INSTRUCTIONS FOR THE TASK:
Reproduce the following data exactly, minus any images.

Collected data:
————

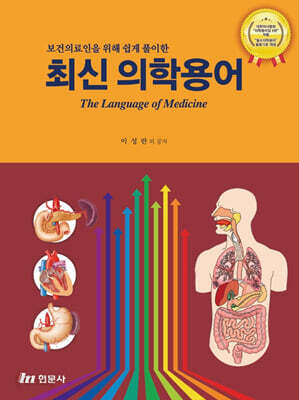 최신 의학용어 (이성란 외)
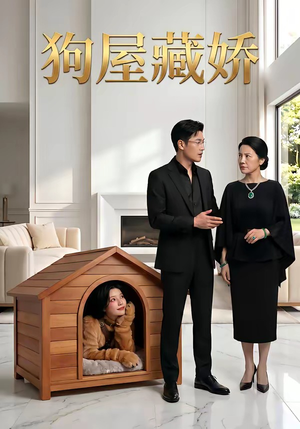 狗屋藏娇（52集）火爆短剧推荐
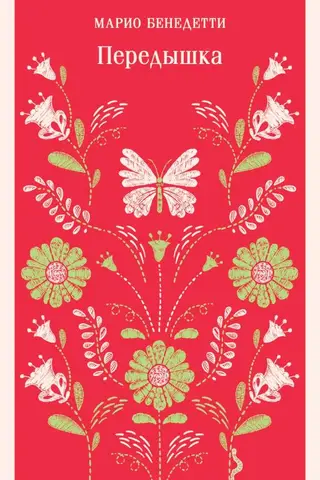 Передышка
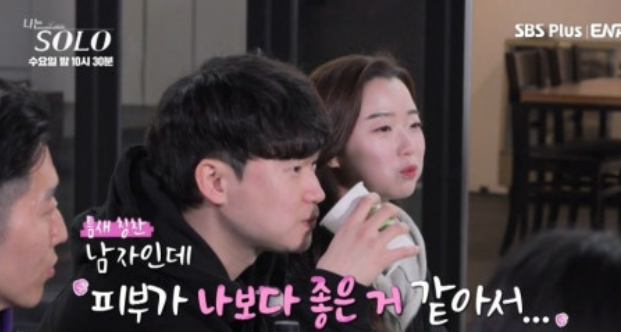 나는솔로21기 현숙 억울한입장문 내다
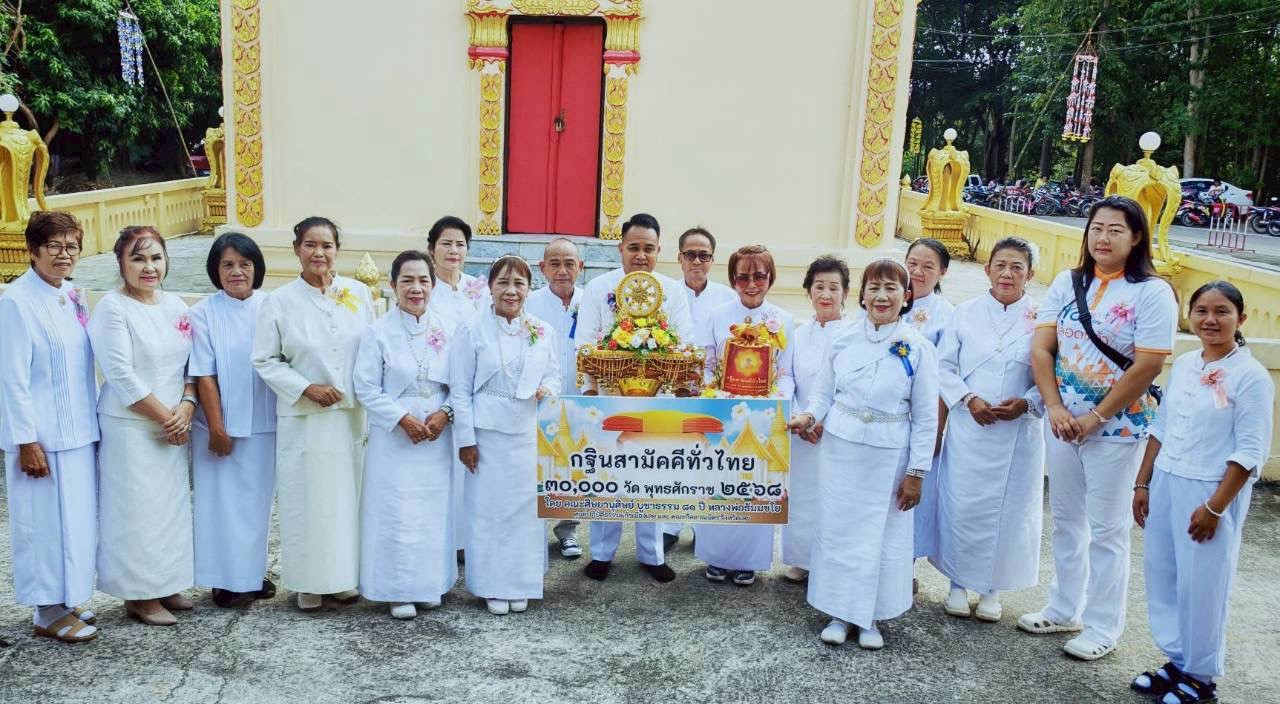 ภาพหมู่ถือพานถวายปัจจัยวัดวิเวกธรรมคุณ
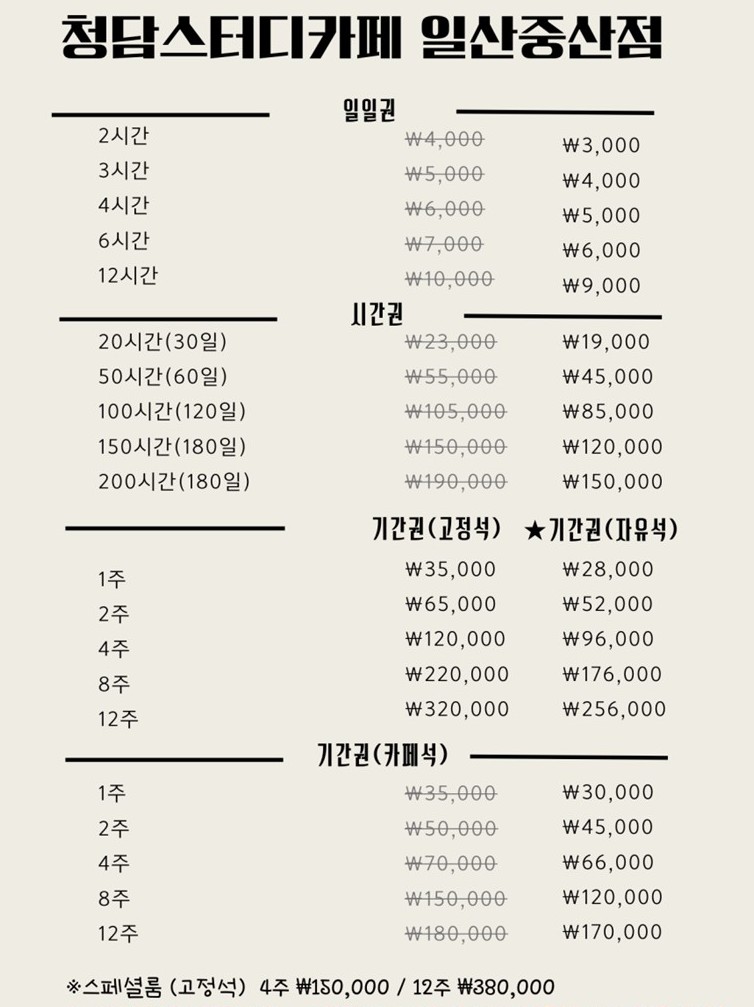 청담스터디카페 일산중산점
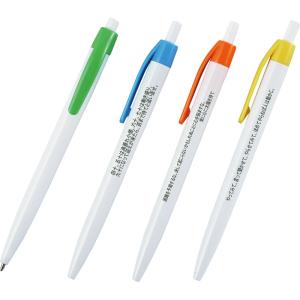 名入れ ボールペン 単品 販促ペン ノベルティ 1.0mm 黒インク 大きく名入れ 企業名 ロゴ入れ 記念品 イベント 粗品 SC-2601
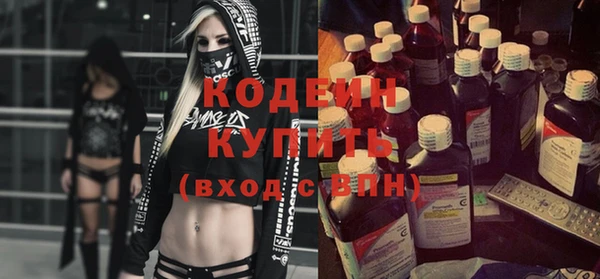 скорость Михайловка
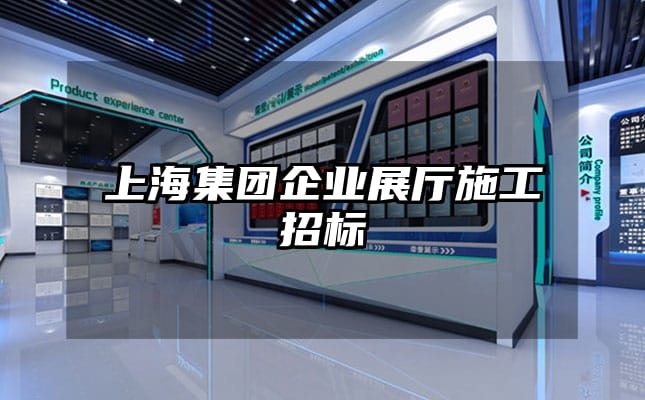 上海集團企業展廳施工招標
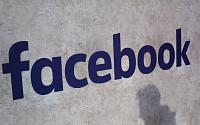 페이스북, 국내 통신사와 망 사용료 놓고 갈등 ‘심화’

————

OUTPUT FOR THIS EXERCISE:
 최신 의학용어 (이성란 외)
 狗屋藏娇（52集）火爆短剧推荐
 Передышка
 나는솔로21기 현숙 억울한입장문 내다
 ภาพหมู่ถือพานถวายปัจจัยวัดวิเวกธรรมคุณ
 청담스터디카페 일산중산점
 名入れ ボールペン 単品 販促ペン ノベルティ 1.0mm 黒インク 大きく名入れ 企業名 ロゴ入れ 記念品 イベント 粗品 SC-2601
 скорость Михайловка
 上海集團企業展廳施工招標
 페이스북, 국내 통신사와 망 사용료 놓고 갈등 ‘심화’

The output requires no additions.